Quite remarkably, these mouse models showed very similar and concordant results despite their different genetic backgrounds. The induction of CIN in CDC20AAA mice was associated with an early phase of aneuploidy with random chromosomal gains or losses of most chromosomes, with gains being more prevalent than losses, and slight differences in chromosome changes between tissues (Trakala et al. 2021). Likewise, transient CIN in PRG5 mice was associated with random chromosome gains in thymic cells detectable for a few weeks after Plk4 induction, with return to normal karyotype within 1 mo after doxycycline withdrawal (Shoshani et al. 2021). Over time, mice developed thymic lymphoma in both models. The latency was ∼9 mo in CDC20AAA mice, which was further reduced to 6 mo in mice with one copy loss of p53 (Trakala et al. 2021). In PRG5 mice, thymic lymphoma development secondary to transient CIN was dependent on the loss of one or two copies of p53 (Shoshani et al. 2021). Cancer development and aneuploidy were studied by whole-genome and single-cell sequencing and was associated with a progressive selection of a few tumor clones that not only showed a tendency for inactivation of the residual p53 WT allele but harbored frequent and recurrent gains of selective chromosomes. Strikingly, these chromosomal changes were remarkably similar in all models. In CDC20AAA mice, Trakala et al. (2021) observed frequent gains of chromosomes 14 and 15 in p53 WT mice associated with additional gains of chromosomes 4 and 11 in mice with p53 loss. Likewise, Shoshani et al. (2021) found defined transcriptome and aneuploidy profiles in transient CIN models, including recurrent gains of chromosomes 4, 5, 14, and 15. Similar aneuploidy profiles were also found in a third model of chronic CIN induced by genetic inactivation of MAD2 and p53 that showed gains of chromosomes 4, 5, 14, 15, and 17 (Shoshani et al. 2021). Overall, both studies clearly showed an evolution of aneuploidy that appears to be largely independent of the genetic type of CIN: a transition from random chromosomal alterations, mostly gains with few losses, to early selection of aneuploid clones displaying a quite reproducible pattern of chromosomal gains limited to few selected chromosomes.

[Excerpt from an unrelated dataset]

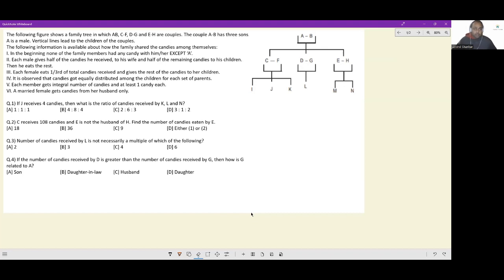Let's look at this question. The following figure shows a family tree in which A-B, C-F, D-G, and E-H are couples. The couple A-B has three sons; A is male and vertical lines lead to children. So in couple A-B, A is male and B is female. Within C-F, D-G, and E-H we don't know who is the child. C-F have three children I, J, K; D-G has one child L; and E-H have two children M and N.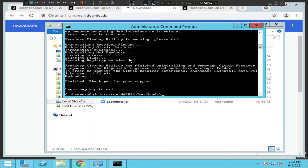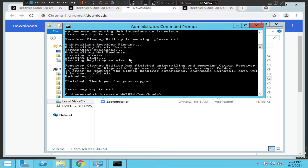Once this is done, you can try restarting the computer and then install Citrix Workspace or Receiver again. You should be able to connect to your Citrix environment and install Citrix Receiver or Workspace without any issues. I hope you find this information helpful — if you have any questions, please leave a comment. Thank you very much.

The obvious next question is: What is so special about those chromosomes that are recurrently gained? Which are the genes that actually drive clonal expansion and growth advantage in tumors? Both studies attempted to answer these difficult questions because of the high number of potentially causative genes. By expression profile analysis, both groups identified MYC, and genes under the MYC transcriptional control, as being recurrently up-regulated, consistent with copy number gains of MYC on chromosome 15. Very elegantly, Trakala et al. (2021) demonstrated that MYC is likely one of the key genes in this process because they also observed frequent gains of chromosome 6 when an extra copy of MYC was introduced on this chromosome, indicating that the position of the MYC gene in a chromosome is sufficient to determine the stereotypical tumor karyotype. Still, the puzzle is likely more complex, as additional genes could drive the selective gains of chromosome 15, such as the Rad21 gene studied by Trakala et al. (2021), while several other genes could likely be responsible for the recurrent gains of the other chromosomes: 4, 5, and 14. Thus, we are just at the beginning of the process of solving an intricate puzzle that connects chromosomal changes, aneuploidy, and tumor development. In this complicated path, the studies by Trakala et al. (2021) and Shoshani et al. (2021) provide important tools and highlight reproducible patterns that shed a first initial light to guide future discoveries.